VideoHelp Forum

Try DVDFab and copy Ultra HD Blu-rays and DVDs! Or rip iTunes movies and music! Download free trial !
+ Reply to Thread
Results 1 to 8 of 8
Thread
  1. I'm sharing some directX pixel shader (.hlsl) control code I've written recently: https://github.com/butterw/bShaders
    They are tested in mpc-hc on intel gpu (integrated graphics) and should be easy to use and modify.

    In Mpc-hc, you need to install them in the Shaders subfolder (you need write permission on the source folder to be able to modify them).
    Modifying the source file is necessary to change parameter values (auto-compilation triggers automatically after saving). For this, it's best to use a text editor with C syntaxic coloring option like Notepad++. You can create multiple versions of the same shader based on your prefered parameter values/use cases and switch between them as required.
    With Mpc-hc, you can save Shader Presets (a pre/post resize Shader chain), that you can access directly by Right Click>Shaders. Once set, shaders stay active until you disable them, so creating an empty "Disable" Shader Profile is useful.

    So Far:
    - barMask (Custom Mask, Aspect Ratio Mask, + Shift) v1.2:
    no programming required: select mode and adjust parameters in #define

    - MaskCrop: custom mask (Top, Bottom, Left, Right) the sides of the screen and recenter image, you could use this to mask a logo at the bottom of the screen for instance (mpc-hc doesn't have a built-in crop feature).
    - MaskBox: a rectangular masking box.
    - RatioLetterbox: View a custom Aspect Ratio. Simulate a 21/9 display on a standard monitor.
    - OffsetPillarbox: view video as a vertical aspect ratio on a standard landscape monitor with borders on the side (ex: 9/16, 1/1, etc.). You can offset the window to compensate for a non-centered video.
    - Image Shift.
    The borders are image zones, which means you can apply any effect on them (not just colored borders).
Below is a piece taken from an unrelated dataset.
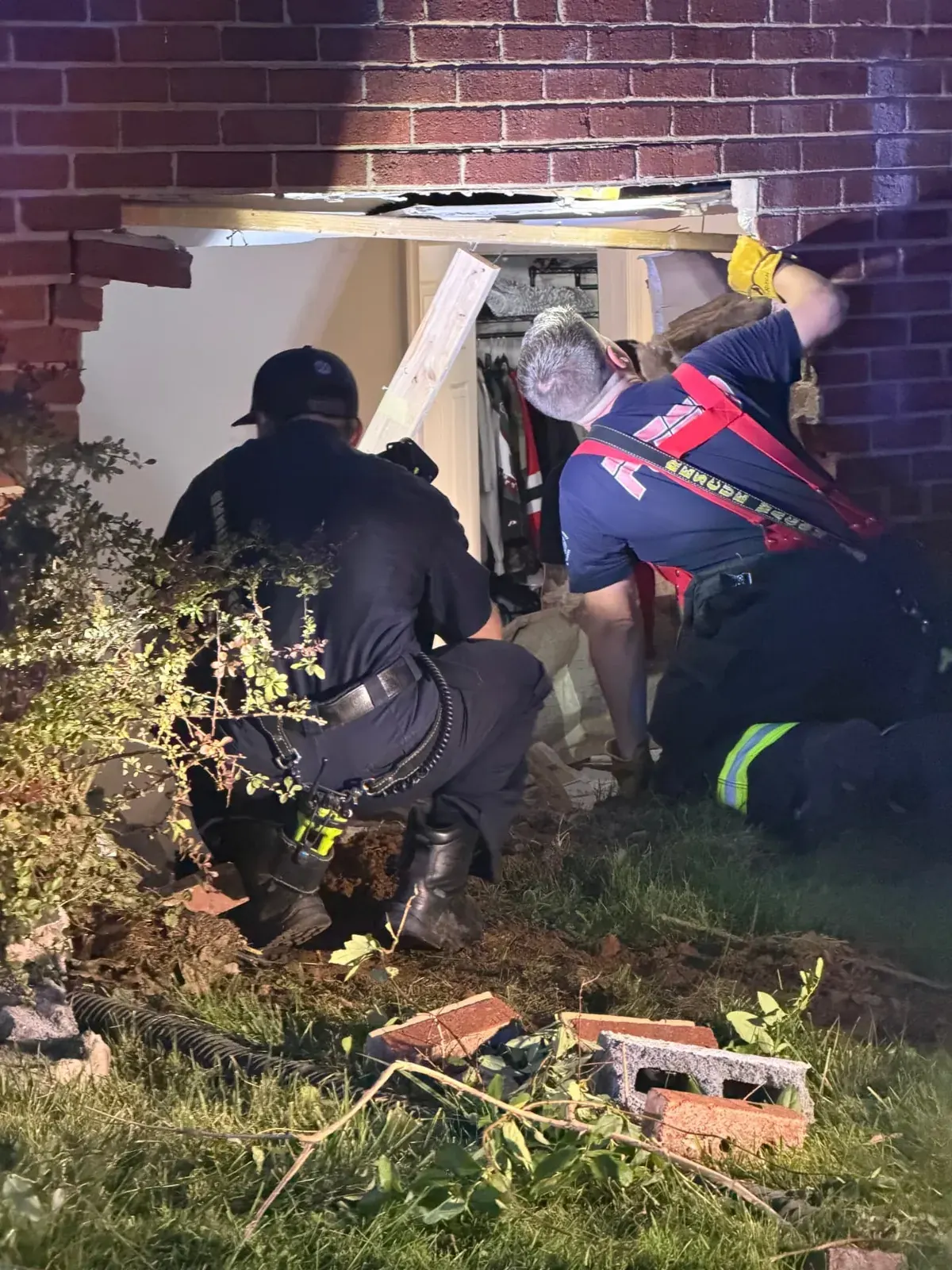 Fire rescue crew at a vehicle impact opening in the brick wall of a home at night on an EMC project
    - bStrobe (repeating Effect with configurable timings) v1.0
    Ready to use timed color frame Effect.
    Parameters: ScreenColor, Time of first run (Tfirst), Duration (Td), Repetition period (Tcycle), End (Number of runs, End time or No End).


    More shaders at https://gist.github.com/butterw/
    - bSide (ZoneShader_mpc) v1.0
    Side by Side and Box display of Effects

    - bTimeEffect_DePixelate
    a Pixelation-DePixelation Effect/glitch.


    An example with SBS (side-by-side) 3D input: https://forum.videohelp.com/showthread.php?t=398955
    Last edited by butterw; 5th Oct 2020 at 10:16.
    Quote Quote  
  2. intro to pixel shaders (.hlsl, .fx)

    Hlsl is a specialized (simple/powerful but limited) programming language with vector operations and c-syntax which runs realtime on the gpu.
    The input video is processed frame by frame. Each frame is processed pixel by pixel by the main function of the .hlsl file.
    the basic scalar datatype is float (float32), float2 and float4 are vector datatypes.
    a pixel has float2 (x, y) coordinates, and float4 (r, g, b, a) color (the alpha channel isn't used by mpc-hc)
    input/output values are in range [0, 1.]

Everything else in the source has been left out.